**Task requirements**
Write out each record below exactly, without pictures.

**Records for the task**

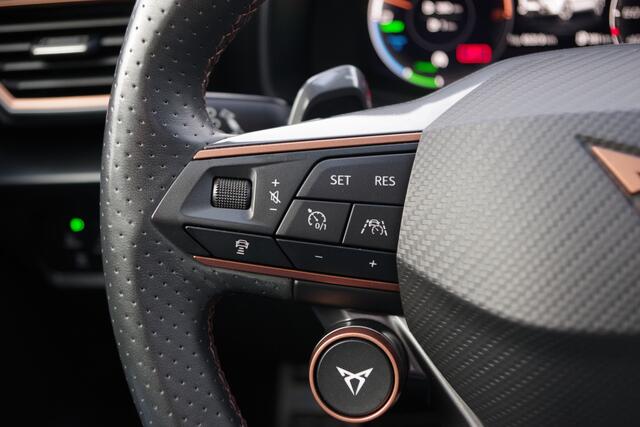 Cupra Formentor 1.4 e-Hybrid VZ 245 PK Copper Edition, Panoramadak BREMBO Remmen, Leder, Stuur-Startknop, Memory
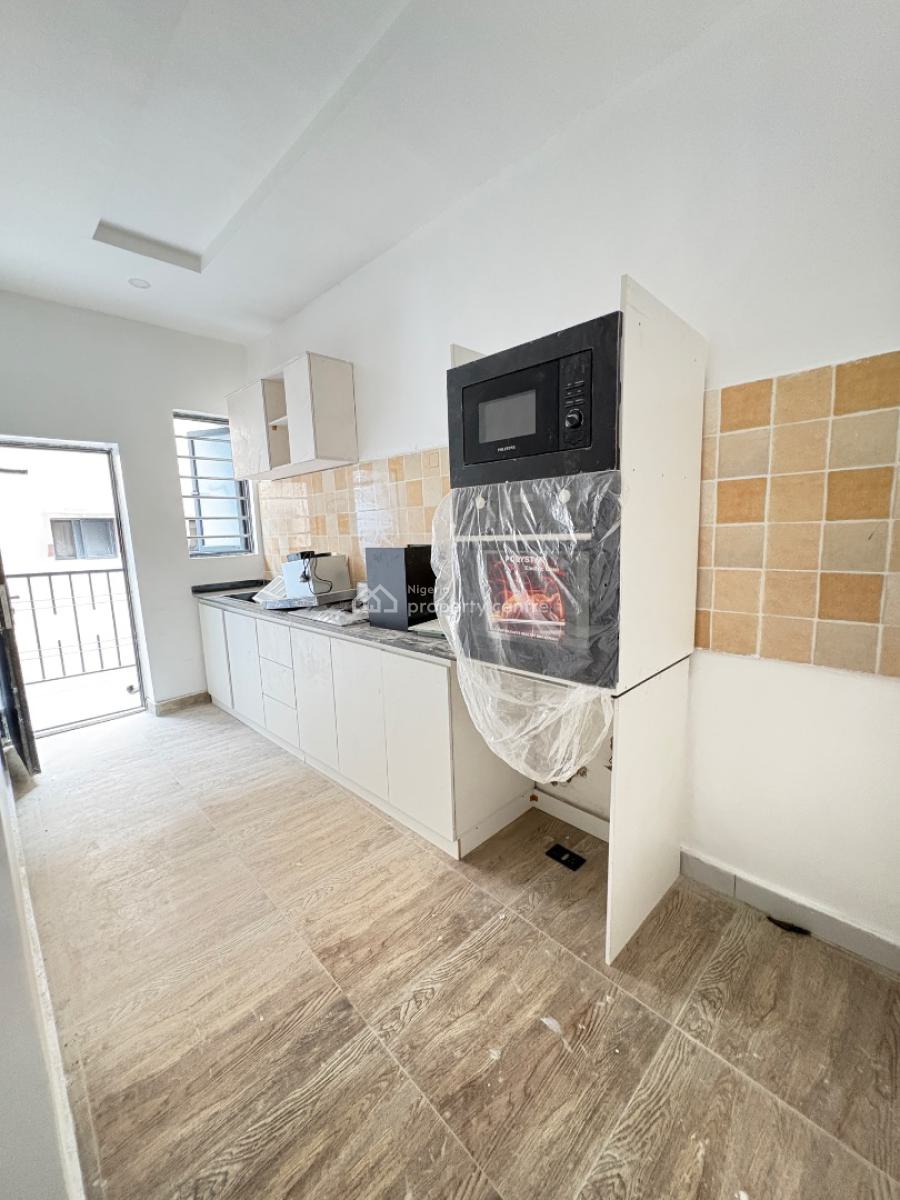 1 & 2 Bedroom Apartments with Guest Toilets, Ologolo, Ologolo, Lekki, Lagos, Flat / Apartment for Sale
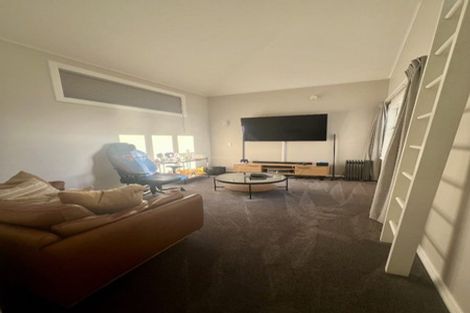 Photo of property in 15 Nikau Road, Point Howard, Lower Hutt, 5013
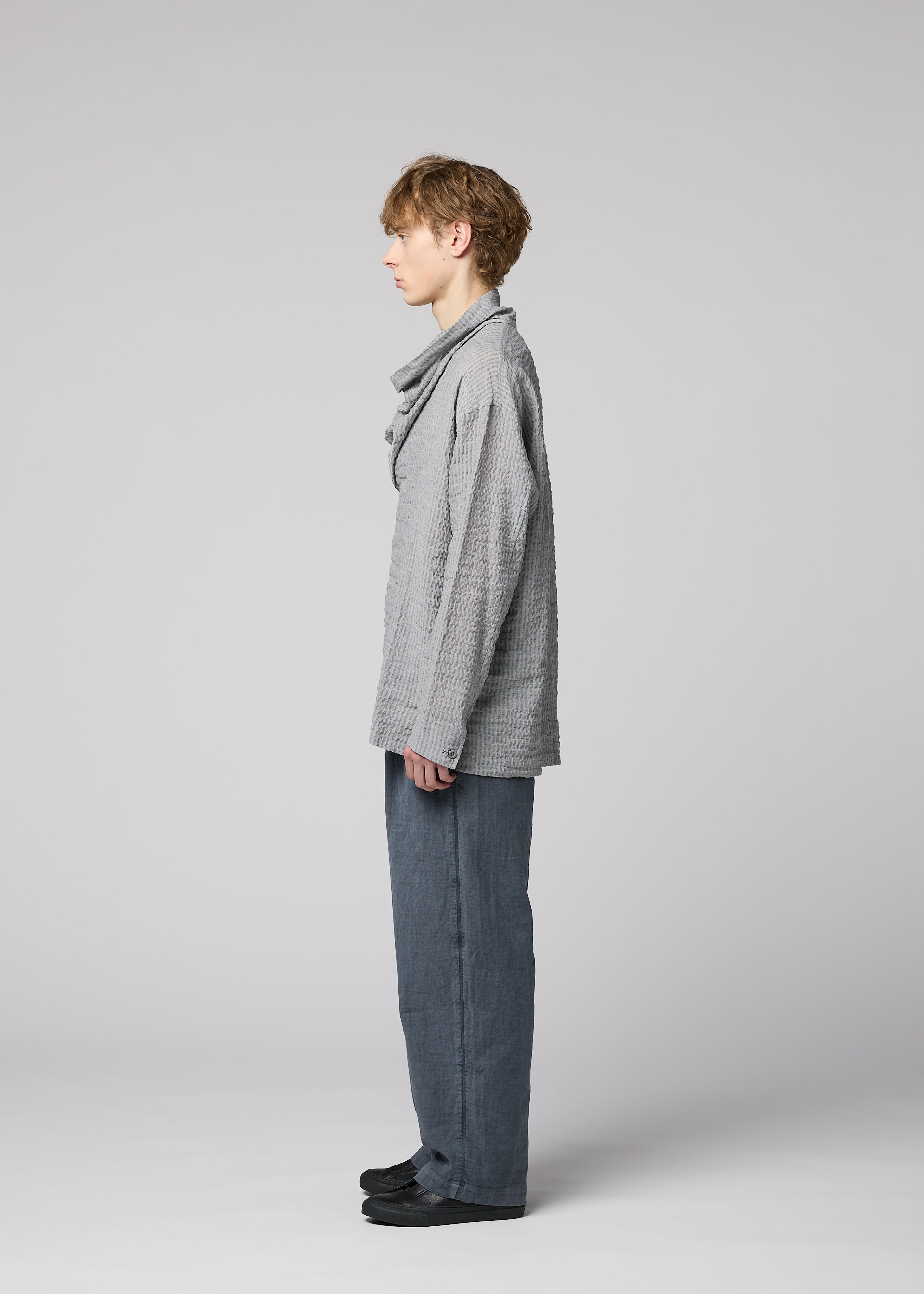 STRIPE LINEN SHRINK、メンズ_トップス_シャツ、着用画像2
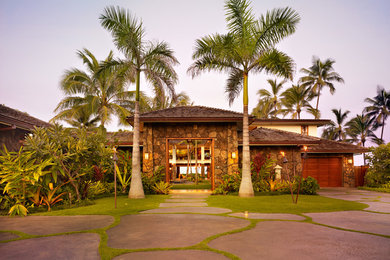 Island style exterior home photo in Hawaii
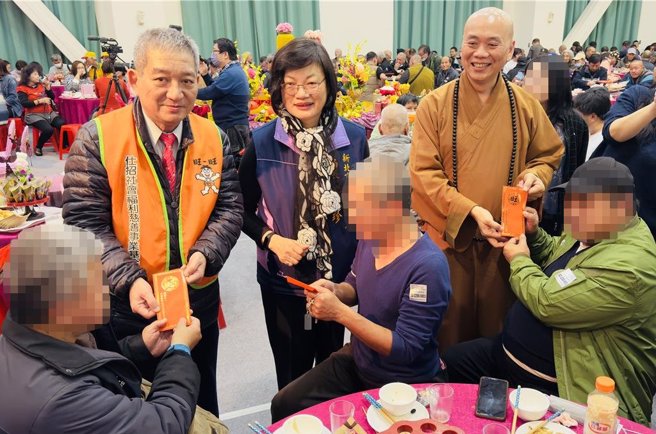 仕招基金会科长周哲仁、新北市社会局长李美珍及元亨寺台北讲堂会常法师一同致赠红包给街友。（吕健豪摄）
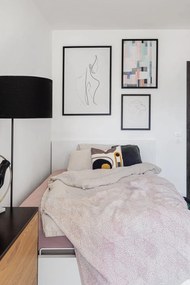 Czarno-naturalna niska komoda w dekorze dębu 120x82 cm Seaford – Actona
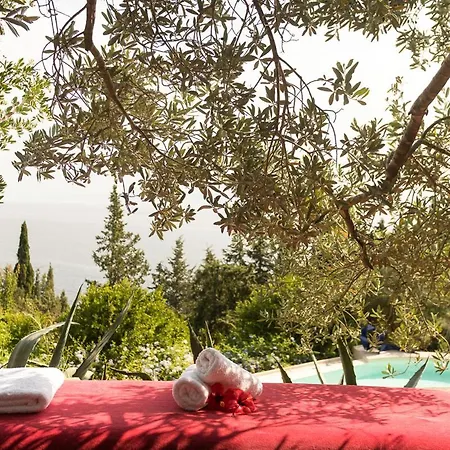 Geromonachos Sleeps 14 With Pool Air Con And Wifi * Ieromonachos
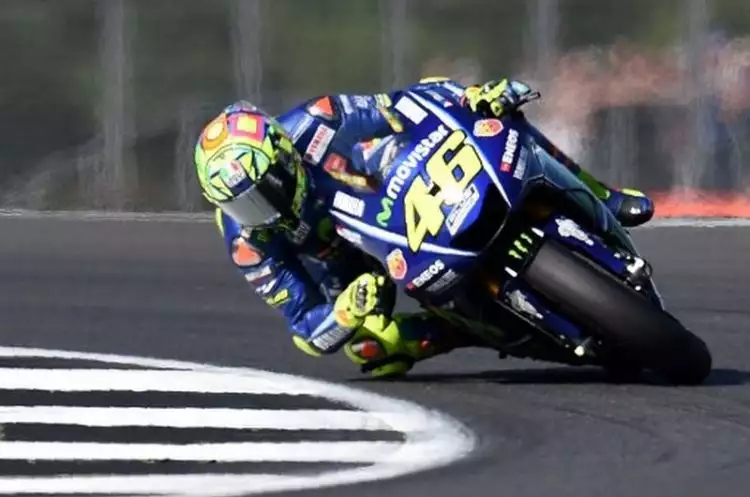 Tampil buruk musim ini, Rossi : Honda dan Ducati belajar dari Yamaha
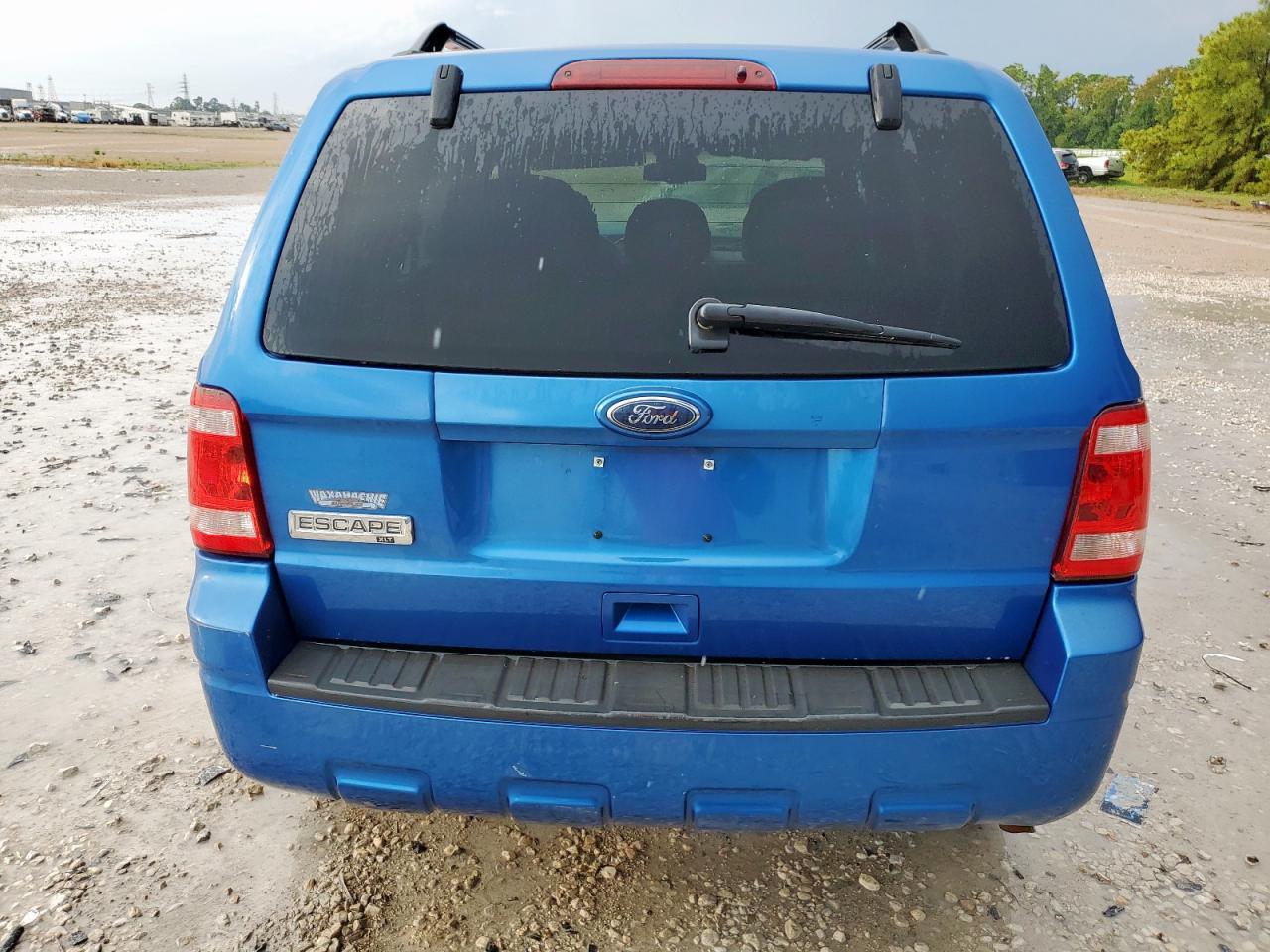 2011 Ford Escape Xlt - Image 6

**Reply**
 Cupra Formentor 1.4 e-Hybrid VZ 245 PK Copper Edition, Panoramadak BREMBO Remmen, Leder, Stuur-Startknop, Memory
 1 & 2 Bedroom Apartments with Guest Toilets, Ologolo, Ologolo, Lekki, Lagos, Flat / Apartment for Sale
 Photo of property in 15 Nikau Road, Point Howard, Lower Hutt, 5013
 STRIPE LINEN SHRINK、メンズ_トップス_シャツ、着用画像2
 Island style exterior home photo in Hawaii
 仕招基金会科长周哲仁、新北市社会局长李美珍及元亨寺台北讲堂会常法师一同致赠红包给街友。（吕健豪摄）
 Czarno-naturalna niska komoda w dekorze dębu 120x82 cm Seaford – Actona
 Geromonachos Sleeps 14 With Pool Air Con And Wifi * Ieromonachos
 Tampil buruk musim ini, Rossi : Honda dan Ducati belajar dari Yamaha
 2011 Ford Escape Xlt - Image 6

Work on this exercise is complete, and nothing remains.